The problem is way beyond isolated shoplifters, the NRF says,
but sometimes the problem of organized retail crime is overstated.

To catch a thief: Adam Braun, executive deputy attorney general in the Illinois attorney general’s office, which launched a statewide ORC task force in 2021, told the audience that “when our office first began investigating these crimes, we were blown away by the sophistication of the organizers.” He said thieves were aware of the threshold for when thefts become felonies and kept their hauls below that level, which is $500 in Illinois (and highest in Texas and Wisconsin, at $2,500.)

Braun added that a typical tactic of a store-theft ring would be to organize one sweep in stores in one county near Chicago on a given morning, then another in a nearby county in the afternoon, and yet another in third county in the evening—with law enforcement in the counties responding separately and not warning one another.

“The folks who are orchestrating these were really taking advantage of loopholes and blind spots,” Braun said.

  • In October 2022, law enforcement from several Illinois municipal and state agencies—along with the federal Homeland Security Investigations, the principal investigative arm of the U.S. Department of Homeland Security—recovered $7.5 million of stolen goods from an alleged ORC operation. Eight were arrested and charged.

Math problems: In some cases, the problem may be overblown. Walgreens, for example, blamed rising ORC for the closure of five stores in San Francisco in 2021. But the San Francisco Chronicle reported in the wake of the announcement that, on average, the five stores had fewer than two reports of shoplifting per month since 2018.

And in a January 5 earnings call, Walgreens CFO James Kehoe said, “Maybe we cried too much” about merchandise losses in 2022. Kehoe noted that all of Walgreens' shrink—which, along with ORC, includes all shoplifting, employee theft, fraud, scanning errors, and breakage— had dropped from 3.5% of total sales last year to 2.5% in the latest quarter.

In 2021, Rachel Michelin, president of the California Retailers Association, told the Mercury News that in San Francisco and Oakland, businesses lost an estimated $3.6 billion to ORC annually.

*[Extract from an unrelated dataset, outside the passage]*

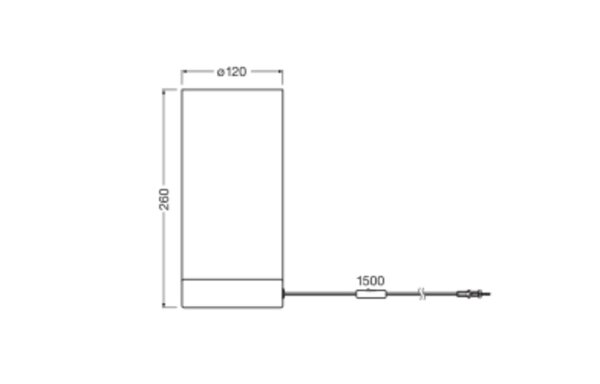 Tischlampe Filz Dunkelgrau E14 Metall H:26 cm OSRAM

But the Los Angeles Times reported that figure was a miscalculation since it would have represented nearly 25% of all sales in San Francisco and Oakland. The NRF, on which the California retail group told the publication it based its figure, calculates ORC costs retailers $700,000 per $1 billion in sales, or only 0.07%.

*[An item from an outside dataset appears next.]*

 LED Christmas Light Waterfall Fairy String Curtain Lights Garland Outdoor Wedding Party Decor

Fighting back: But even if the problem is occasionally inflated, organized shoplifting rings are on the rise, or retailers wouldn’t be going through the trouble of locking up so much inventory.

The NRF supports the federal Combating Organized Retail Crime Act, which would create a Center to Combat Organized Retail Crime within Homeland Security Investigations that would include representatives from “state and local law enforcement agencies as well as the retail industry.”

“Today’s orchestrators of these crimes—they know the commerce trade, they understand how to get the product from the store and then put it back into the system to be sold [in] large amounts,” said Kresevich. “We have to really think about how we’re going to combat that.”